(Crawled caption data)
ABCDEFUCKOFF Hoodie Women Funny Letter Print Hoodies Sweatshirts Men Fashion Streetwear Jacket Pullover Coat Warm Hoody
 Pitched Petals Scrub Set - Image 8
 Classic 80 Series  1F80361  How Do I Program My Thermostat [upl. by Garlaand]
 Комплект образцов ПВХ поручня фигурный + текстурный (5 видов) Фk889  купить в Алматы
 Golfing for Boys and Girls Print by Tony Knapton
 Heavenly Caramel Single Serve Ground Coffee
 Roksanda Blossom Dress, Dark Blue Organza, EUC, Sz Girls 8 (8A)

The task:
The answer is a portion of the data. Write out exactly the line with "Golfing for Boys" and all lines after it.

Answer to the exercise:
 Golfing for Boys and Girls Print by Tony Knapton
 Heavenly Caramel Single Serve Ground Coffee
 Roksanda Blossom Dress, Dark Blue Organza, EUC, Sz Girls 8 (8A)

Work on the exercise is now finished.